● **Problem description**
Word for word, copy out the data below, omitting pictures.

● **Material supplied**
--- --- ---

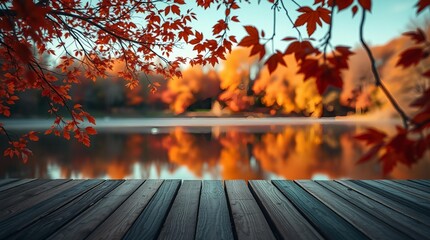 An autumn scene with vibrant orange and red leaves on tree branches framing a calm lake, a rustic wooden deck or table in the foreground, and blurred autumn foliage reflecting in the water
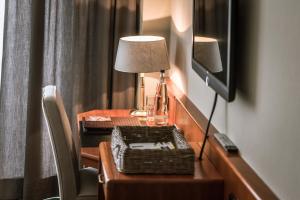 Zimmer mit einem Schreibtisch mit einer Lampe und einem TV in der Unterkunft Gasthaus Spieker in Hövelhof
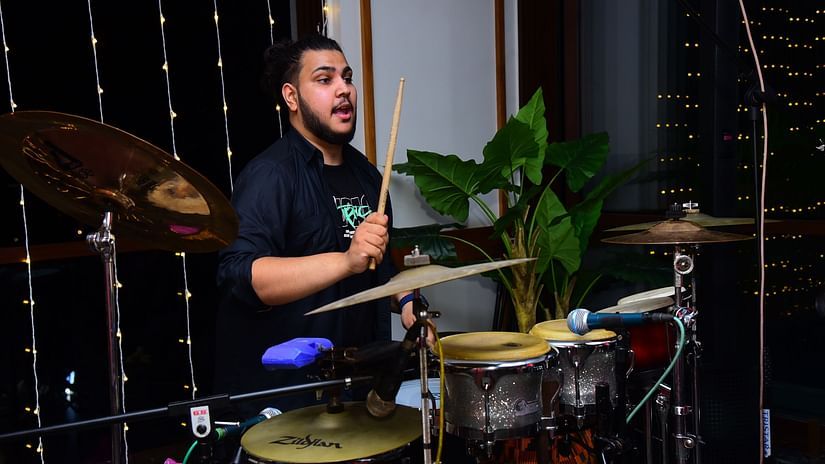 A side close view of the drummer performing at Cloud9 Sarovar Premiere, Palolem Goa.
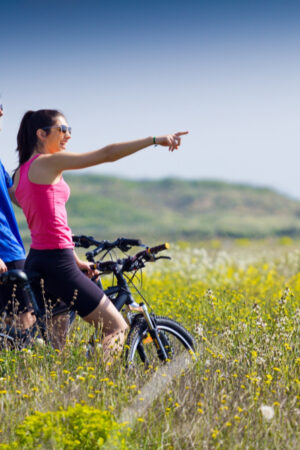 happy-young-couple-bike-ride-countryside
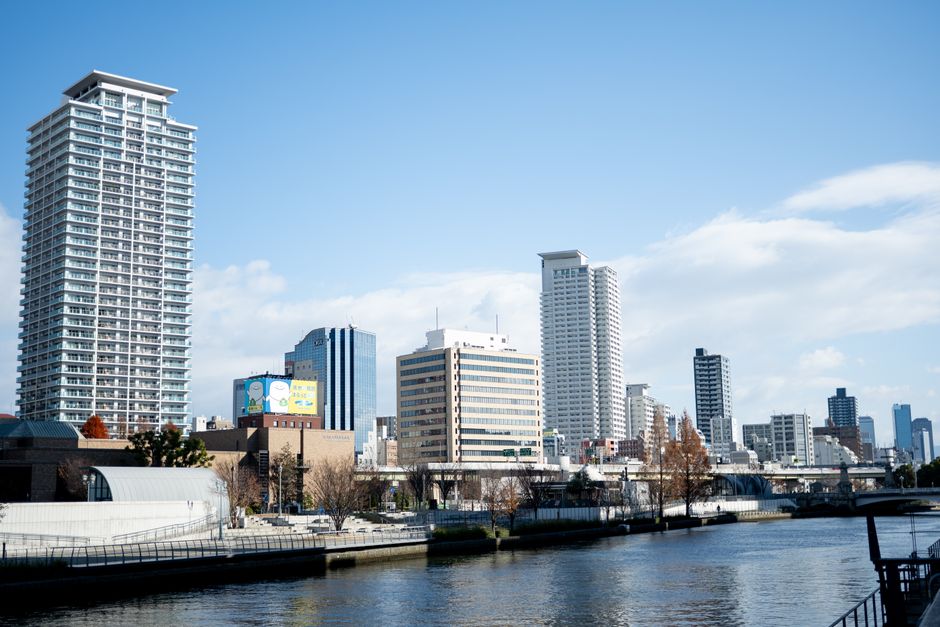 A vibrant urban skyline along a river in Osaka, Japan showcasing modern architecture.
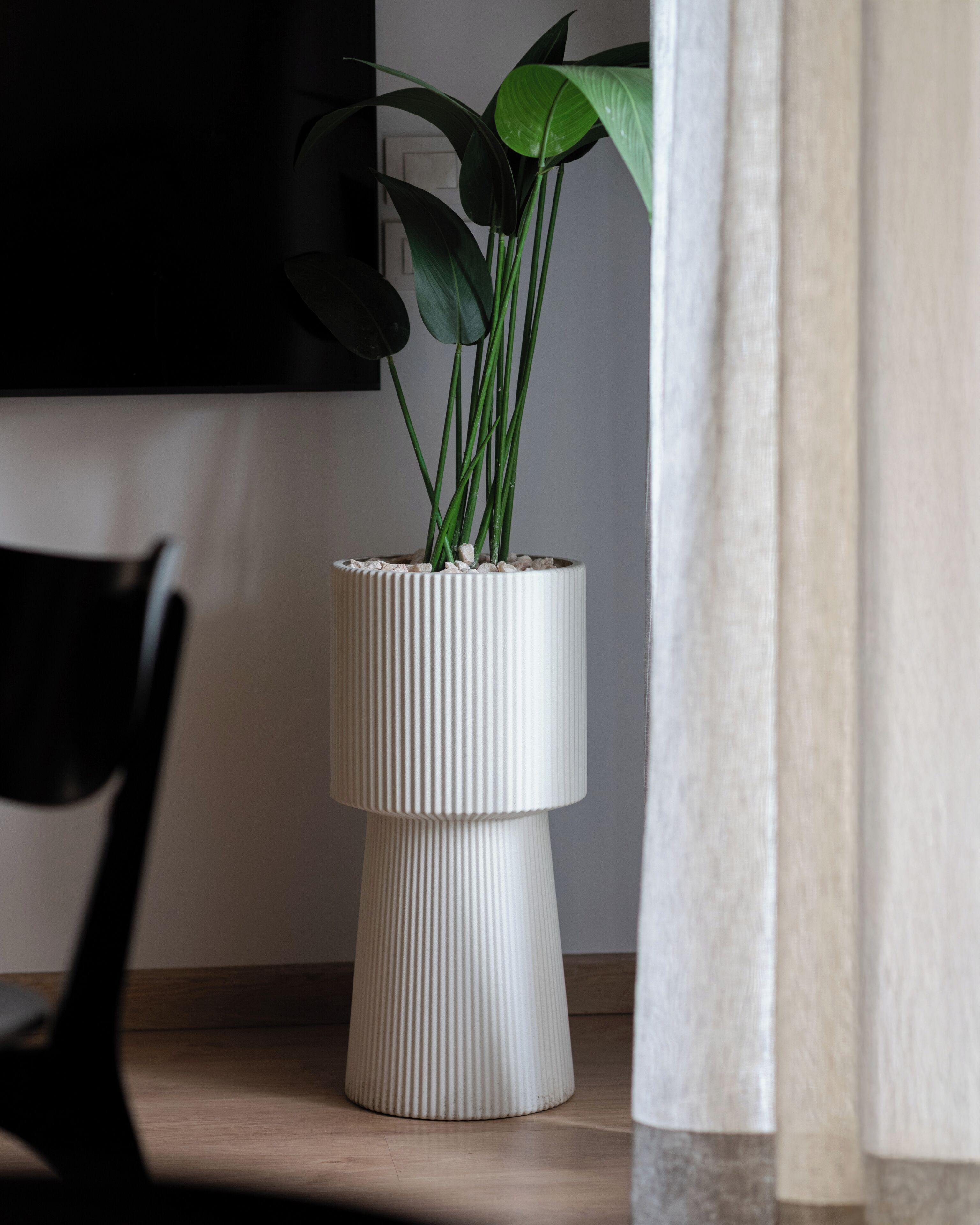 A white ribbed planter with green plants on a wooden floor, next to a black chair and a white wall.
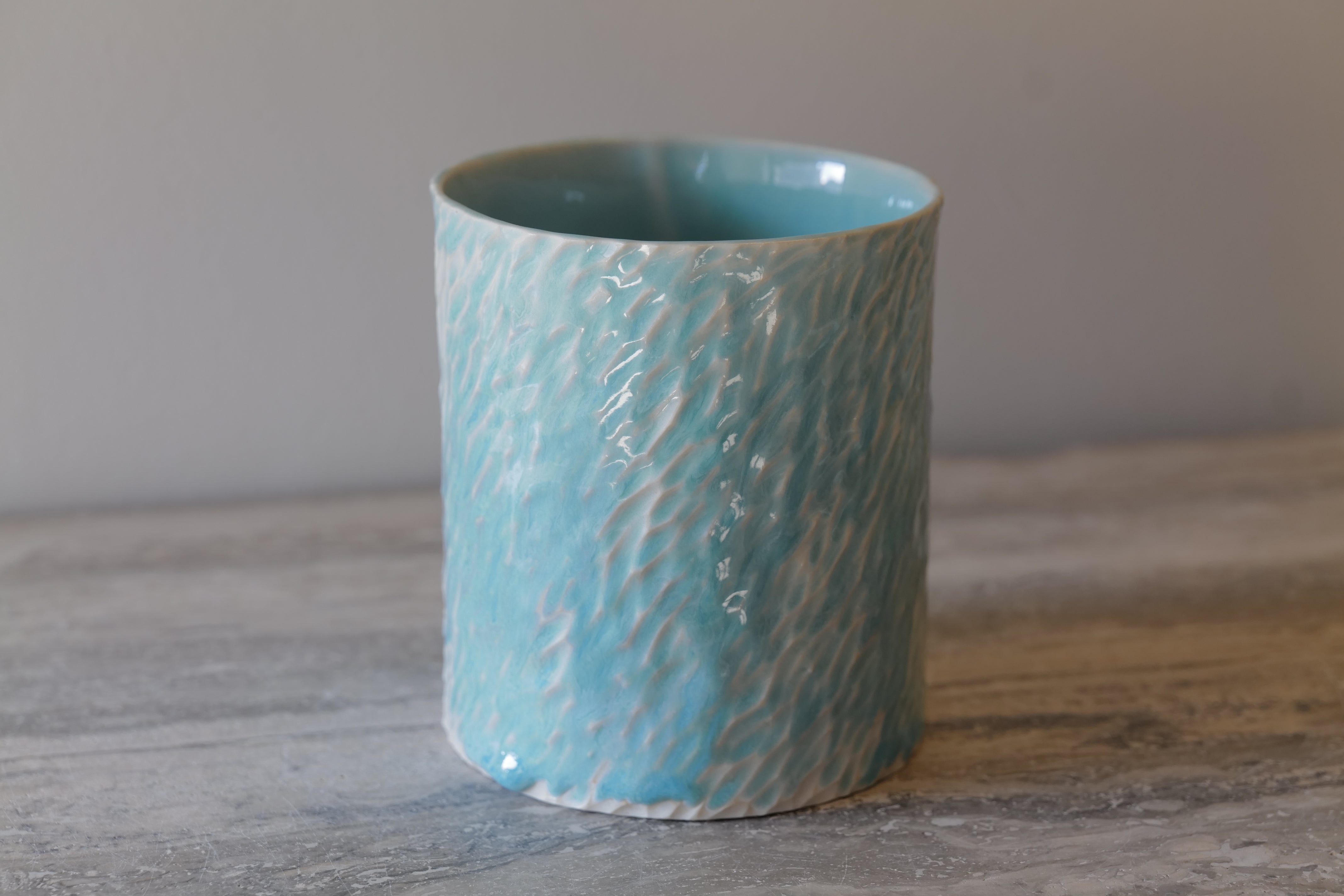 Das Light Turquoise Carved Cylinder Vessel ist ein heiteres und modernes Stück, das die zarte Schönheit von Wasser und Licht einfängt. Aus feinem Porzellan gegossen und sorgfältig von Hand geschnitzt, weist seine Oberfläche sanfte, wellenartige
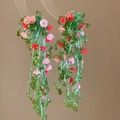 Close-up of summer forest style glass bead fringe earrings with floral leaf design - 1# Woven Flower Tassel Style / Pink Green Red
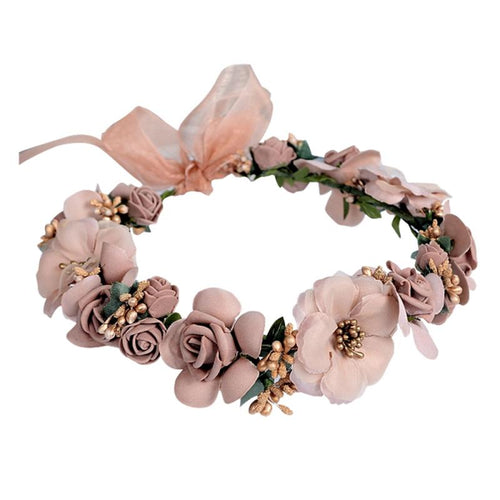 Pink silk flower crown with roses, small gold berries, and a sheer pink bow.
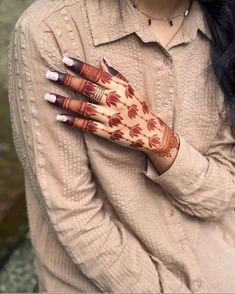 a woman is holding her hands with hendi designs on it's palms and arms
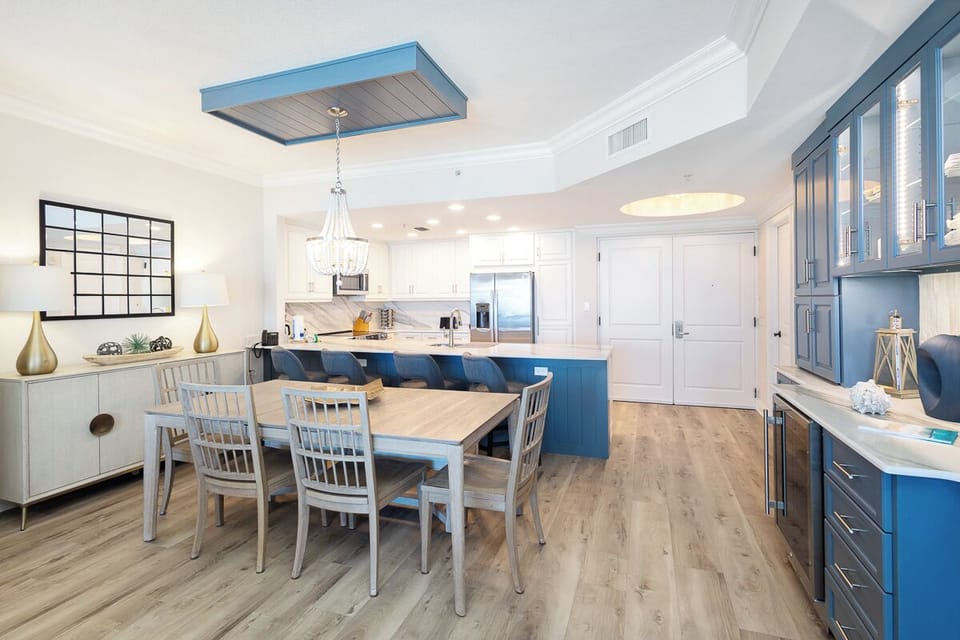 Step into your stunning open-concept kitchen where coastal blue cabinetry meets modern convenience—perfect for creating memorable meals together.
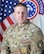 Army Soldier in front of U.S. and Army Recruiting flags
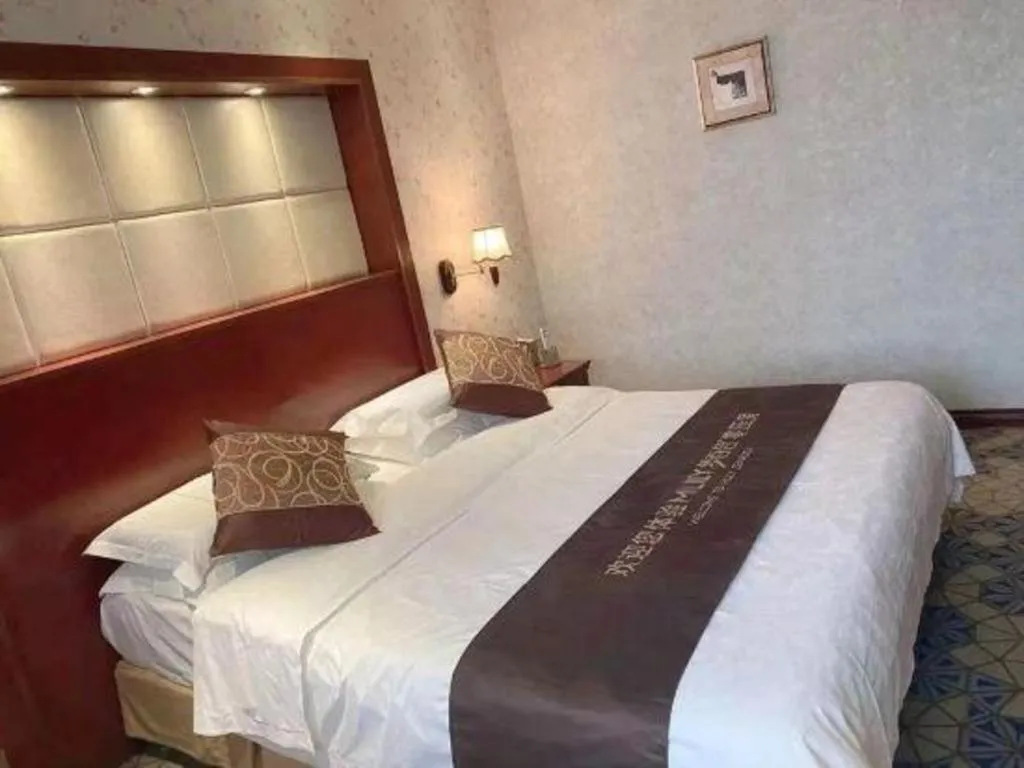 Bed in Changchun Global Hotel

--- --- ---

● **Your response**
 An autumn scene with vibrant orange and red leaves on tree branches framing a calm lake, a rustic wooden deck or table in the foreground, and blurred autumn foliage reflecting in the water
 Zimmer mit einem Schreibtisch mit einer Lampe und einem TV in der Unterkunft Gasthaus Spieker in Hövelhof
 A side close view of the drummer performing at Cloud9 Sarovar Premiere, Palolem Goa.
 happy-young-couple-bike-ride-countryside
 A vibrant urban skyline along a river in Osaka, Japan showcasing modern architecture.
 A white ribbed planter with green plants on a wooden floor, next to a black chair and a white wall.
 Das Light Turquoise Carved Cylinder Vessel ist ein heiteres und modernes Stück, das die zarte Schönheit von Wasser und Licht einfängt. Aus feinem Porzellan gegossen und sorgfältig von Hand geschnitzt, weist seine Oberfläche sanfte, wellenartige
 Close-up of summer forest style glass bead fringe earrings with floral leaf design - 1# Woven Flower Tassel Style / Pink Green Red
 Pink silk flower crown with roses, small gold berries, and a sheer pink bow.
 a woman is holding her hands with hendi designs on it's palms and arms
 Step into your stunning open-concept kitchen where coastal blue cabinetry meets modern convenience—perfect for creating memorable meals together.
 Army Soldier in front of U.S. and Army Recruiting flags
 Bed in Changchun Global Hotel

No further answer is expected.